Wat de provincie West-Vlaanderen betreft, is Roeselare al uitgebreid toegelicht. Dat is inderdaad een goed voorbeeld. In Knokke-Heist werkt men sinds twee jaar met een gemeenschappelijk inschrijvingsformulier. Vooral vanuit het SVK worden kandidaat-huurders doorgestuurd naar de SHM. In Middelkerke kent men sinds enkele jaren een maandelijkse gezamenlijke inschrijvingsdag, vergelijkbaar met wat in Buggenhout gebeurt. Een gezamenlijk inschrijvingsformulier is daar in onderzoek. Het is natuurlijk wel noodzakelijk – en dat geldt niet alleen voor Middelkerke – dat er een een-op-eenrelatie is tussen de SHM en het SVK. Anders is het heel moeilijk om een gezamenlijk inschrijvingsformulier te hebben.
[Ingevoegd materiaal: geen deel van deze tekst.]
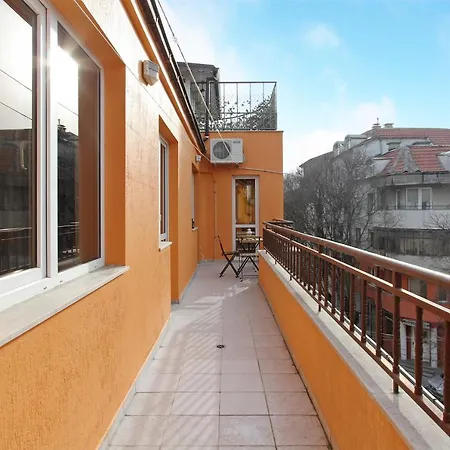 Apartman Spacious, Cosy & Bright 2 Bedroom, Central *
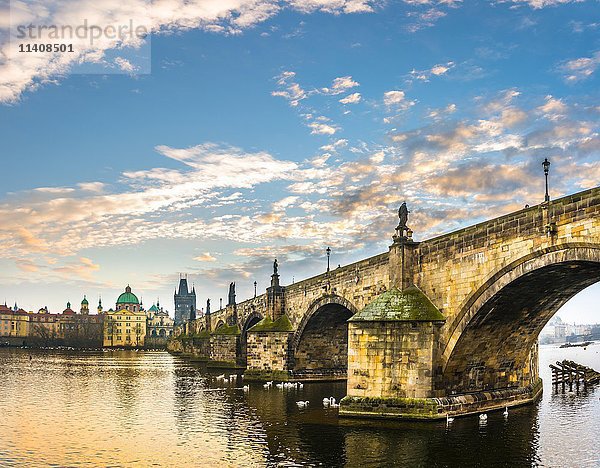 Moldau  Karlsbrücke  Altstädter Brückenturm  Sonnenaufgang  historisches Zentrum  Prag  Böhmen  Tschechische Republik  Europa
Ik heb u een aantal voorbeelden gegeven. Als u dat wilt, kan ik u schriftelijk een lijst bezorgen van alle voorbeelden in heel Vlaanderen.
Los van dit zeer goede initiatief, waarbij er een gemeenschappelijk inschrijvingsformulier is voor een SHM en een SVK, zijn er natuurlijk nog andere voorbeelden om klantvriendelijker te werken binnen de sector van de sociale huisvesting. Ik denk bijvoorbeeld aan wat er in Antwerpen is gebeurd bij Woonhaven, dat met 18.000 huurders toch wel een grote maatschappij is. Zij hebben beslist om met twee inschrijvingssystemen te werken, enerzijds voor de kandidaat-huurders en anderzijds de zittende huurders, om interne mutaties en dergelijke aan te vragen, wat de klantvriendelijkheid voor zowel de kandidaat-huurders, die niet meer zo lang moeten aanschuiven, als voor de zittende huurders behoorlijk verhoogd heeft.
In de stad Antwerpen is men nu ook het volgende aan het onderzoeken. Als er verschillende sociale huisvestingsmaatschappijen actief zijn op het grondgebied van één stad – in dit geval Woonhaven, ABC en De Ideale Woning – zou men met één centraal inschrijvingsregister kunnen werken. Dat zou de klantvriendelijkheid ook absoluut ten goede komen.
U vroeg mij of ik mogelijkheden zie om dit voorbeeld van goede praktijk over heel Vlaanderen te verspreiden. Ik heb al gesteld dat er een aantal initiatieven zijn. Ik kan u de volledige lijst bezorgen. Ik heb er ook al op gewezen dat er een een-op-eenrelatie moet zijn tussen de SHM en het SVK. Er zijn ook andere mogelijkheden om de klantvriendelijkheid te verhogen.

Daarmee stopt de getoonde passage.